The Bill empowers the Anti-Doping Agency of Kenya (ADAK) to impose a Sh100,000 fine and/or a year in jail on an athlete caught doping.
The House Labour and Social Welfare Committee Chairman David Were is also seeking to punish any official or officer of the Anti-Doping Agency of Kenya who leaks or violates the confidentiality provision provided under the Act by disclosing information obtained in the course of undertaking his duty.
“A person who violates the rules relating to confidentiality, public disclosure and privacy of data commits an offence and shall be liable upon conviction to a fine not exceeding one million shillings or to imprisonment for a term not exceeding three years or to both,” reads the amendment by the House Committee.
Clause 41 of the Anti-Doping Bill states that; “a member of the Board or member of staff of the Confidentiality.
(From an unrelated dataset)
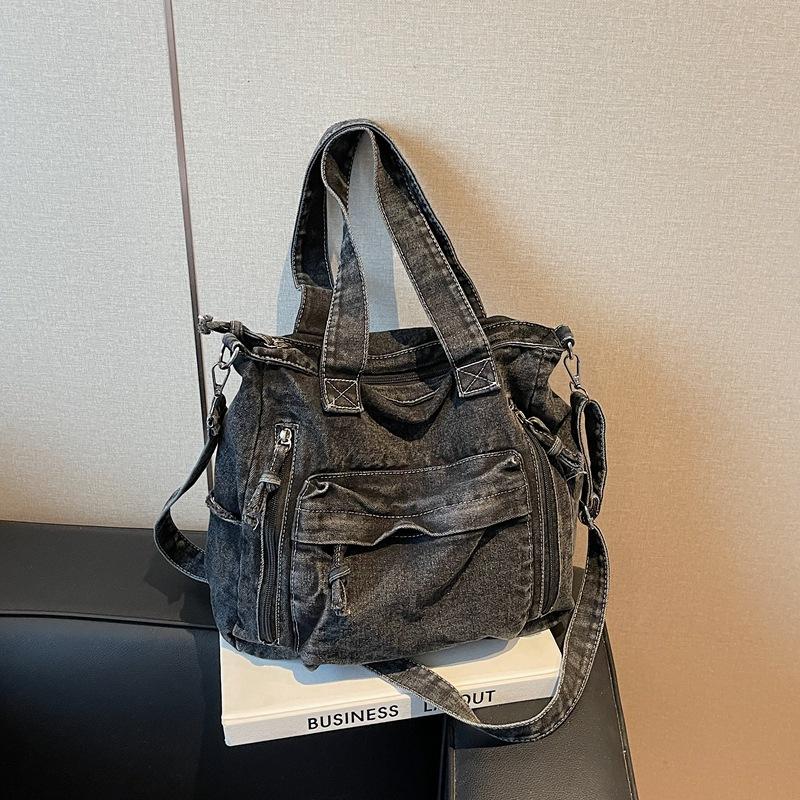 Lazy wind bag women's large-capacity Korean version casual messenger bag commuter work handbag retro denim shoulder bag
Agency shall not disclose any information obtained in the course of undertaking any function under this Act unless in accordance with the provisions of this Act and the law relating to information.”
The House Committee has also proposed to give the agency financial autonomy by proposing an amendment that will see it receiving its budgetary allocation from the Consolidated Fund rather than through budgetary allocations to the Ministry of Arts, Culture and Sports.
The MPs have also defined an “athlete” that the Bill will be dealing with to mean “any person who competes in sport at the international level as defined by an international federation or at the national level as defined by the agency.”
Kenya is racing against time to meet the World Anti-Doping Agency (WADA) deadline which was extended to May 5 to ensure compliance.
This comes after the country missed the two initial deadlines of February 16 and April 5.
The new Bill is intended to save Kenyan athletes from an Olympics ban threatened by IAAF president Sebastian Coe.
The IAAF earlier this month listed Kenya among five countries in “critical care” over their inadequate anti-doping measures.
Some 40 Kenyan athletes have been involved in drug scandals in the last three years leading to the suspension of Athletics-Kenya Chief Executive Officer Isaac Mwangi for alleged corruption involving doping cover-ups, drawing a sharp rebuke from WADA.